For pipeline requests, plan before editing. Do not create or modify files until the DAG, artifact edges, required inputs, and validation checks are stated and approved.
For one-shot command requests, prefer a complete parameterized command in one response over exploratory prose, but only after required inputs are known. If the user already provides the needed values and asks for only a command, answer with the command first and keep explanation minimal.
Output discipline (keeps responses tight): emit one command block per step, include only flags the step actually defines, and add no speculative or invented flags. Keep narrative to a few lines — the command plus the required safety/profile callouts, not a tutorial. Do not restate reference content the user did not ask for.
Do not spawn subagents for one-shot command lookup. Use the bundled command reference directly; verify only the selected step if needed.

Safety

Keep Bash scoped to repo-safe commands such as

uv run nemotron steps ...

, targeted tests,

git status/diff

, and config validation. Never run environment dumps (

env

printenv

, broad

export

) or commands that expose secret values. For remote submissions, destructive changes, or expensive launches, confirm before execution.

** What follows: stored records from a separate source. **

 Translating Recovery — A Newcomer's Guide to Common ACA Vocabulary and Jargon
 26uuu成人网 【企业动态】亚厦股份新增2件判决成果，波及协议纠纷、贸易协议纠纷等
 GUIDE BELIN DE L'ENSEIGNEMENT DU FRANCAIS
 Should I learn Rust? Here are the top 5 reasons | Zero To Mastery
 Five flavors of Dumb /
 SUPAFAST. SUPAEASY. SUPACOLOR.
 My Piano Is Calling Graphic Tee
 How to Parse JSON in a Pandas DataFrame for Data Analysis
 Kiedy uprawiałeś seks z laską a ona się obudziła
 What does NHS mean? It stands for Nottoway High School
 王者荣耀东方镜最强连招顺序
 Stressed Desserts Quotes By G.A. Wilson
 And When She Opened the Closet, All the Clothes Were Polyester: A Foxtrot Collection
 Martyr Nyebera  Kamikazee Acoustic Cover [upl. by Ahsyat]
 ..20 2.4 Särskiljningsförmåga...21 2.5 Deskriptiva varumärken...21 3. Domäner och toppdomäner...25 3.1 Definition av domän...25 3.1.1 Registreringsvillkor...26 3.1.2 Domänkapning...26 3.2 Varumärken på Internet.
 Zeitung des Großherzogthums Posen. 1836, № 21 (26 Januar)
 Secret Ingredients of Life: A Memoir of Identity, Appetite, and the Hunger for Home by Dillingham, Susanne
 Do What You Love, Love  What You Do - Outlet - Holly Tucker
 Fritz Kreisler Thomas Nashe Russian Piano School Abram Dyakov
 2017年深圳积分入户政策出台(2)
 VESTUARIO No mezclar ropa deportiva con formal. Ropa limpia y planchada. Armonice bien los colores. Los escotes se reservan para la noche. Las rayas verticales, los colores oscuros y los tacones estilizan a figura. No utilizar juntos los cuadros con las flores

When inspecting env/config files, avoid printing whole files that may contain secrets. Use targeted reads, report only section names and env-var names, and redact values for fields containing

token

key

secret

password

credential

, or

auth

Reference Map

Question	Read first	Live fallback / verification
Which step or category fits?	`references/CATALOG.md`	`uv run nemotron steps list/show` , then selected `step.toml`
Do artifacts chain?	`references/ARTIFACTS.md`	`src/nemotron/steps/types.toml`
What run shape should I emit?	`references/COMMANDS.md`	checked-in config YAML plus active profile TOML
Remote profile generation or selection	`references/COMMANDS.md`	active `NEMOTRON_ENV_FILE` , `env.toml` , or `env.*.toml`
What hardware/backend should I recommend?	`references/HARDWARE.md`	selected step `[[models]]` and `[[strategies]]`
Which cross-step guardrails apply?	`references/PATTERNS.md`	`src/nemotron/steps/patterns/<id>.md`
How do I run the full workflow?	`references/WORKFLOW.md`	selected step configs, `step.py` , and runners
Which upstream library API should generated code use?	`references/context/index.toml` -> matching pack	selected `step.py` , `_runners/` , upstream docs
New project scaffold, only when existing repo code cannot support the request	`references/act/PROJECT.md`	existing repo project/recipe shape
Per-stage code rules, only when existing repo code cannot support the request	`references/act/STAGE.md`	selected `step.py` and shared runner

Do not start by reading category READMEs or

step.toml

for ordinary decisions. Select candidates from bundled references, then verify exact live details before writing configs or final commands.

Routing

Use

references/CATALOG.md

as the authoritative home for step selection and route-specific fast paths. Use

ARTIFACTS.md

PATTERNS.md

, and

HARDWARE.md

only to resolve artifact, cross-step, or hardware constraints after the catalog narrows the route.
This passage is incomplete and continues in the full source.